Wishing you the best. What you are doing most wouldn't even try.
Most backpackers seem to agree that the downs are harder than the ups. I think it has to do with the fact that at each step, you are "catching" the weight and stopping it from continuing, a more abrupt act than stepping uphill. Hard on the knees, hard on the toes (well-laced boots become critical), and hard on muscles we aren't used to using.
Also, that thing about hills? That they trick you? Always happens. There's probably some life-lesson here, having to do with expectations. Something Buddhist, perhaps.
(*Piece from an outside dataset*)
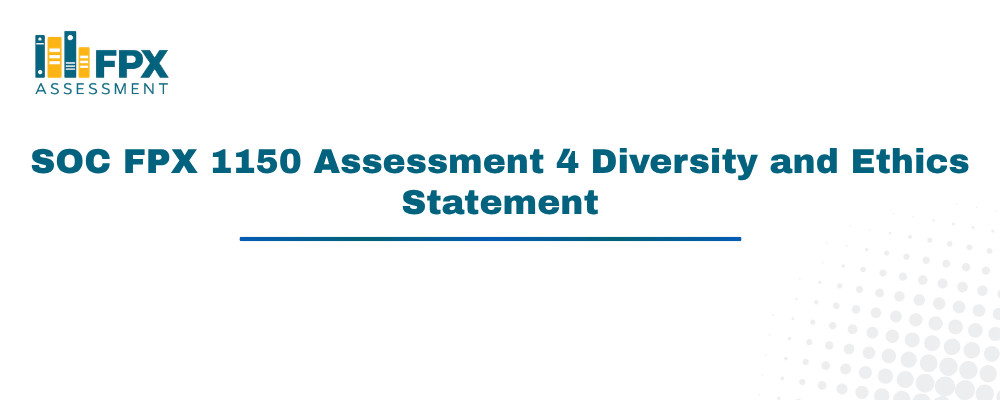 SOC FPX 1150 Assessment 4 Diversity and Ethics Statement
Perhaps you could meditate on this while climbing your next hill and come up with a good aphorism or short poem :-)
Anyway, I'm sitting here having my morning tea, alternating between wincing in sympathy and rooting for you. Most people couldn't walk 26 miles at a stretch without the pack. I know I sure couldn't. Well, I probably could, but I sure don't want to prove it.
If that knee-click continues, you might want to get a doctor to check it out. Those knees have to carry you a long way.
Craig,
Several people have requested some sort of map of my progress, but I simply don't have the time or resources to create such a graphic, especially from my tiny BlackBerry, whose screen is totally unsuited for a comfortable bird's-eye view of the state. If I had steady, ready access to an actual computer, I'd happily whip something up via Google Maps or a similar service, but I don't have such access.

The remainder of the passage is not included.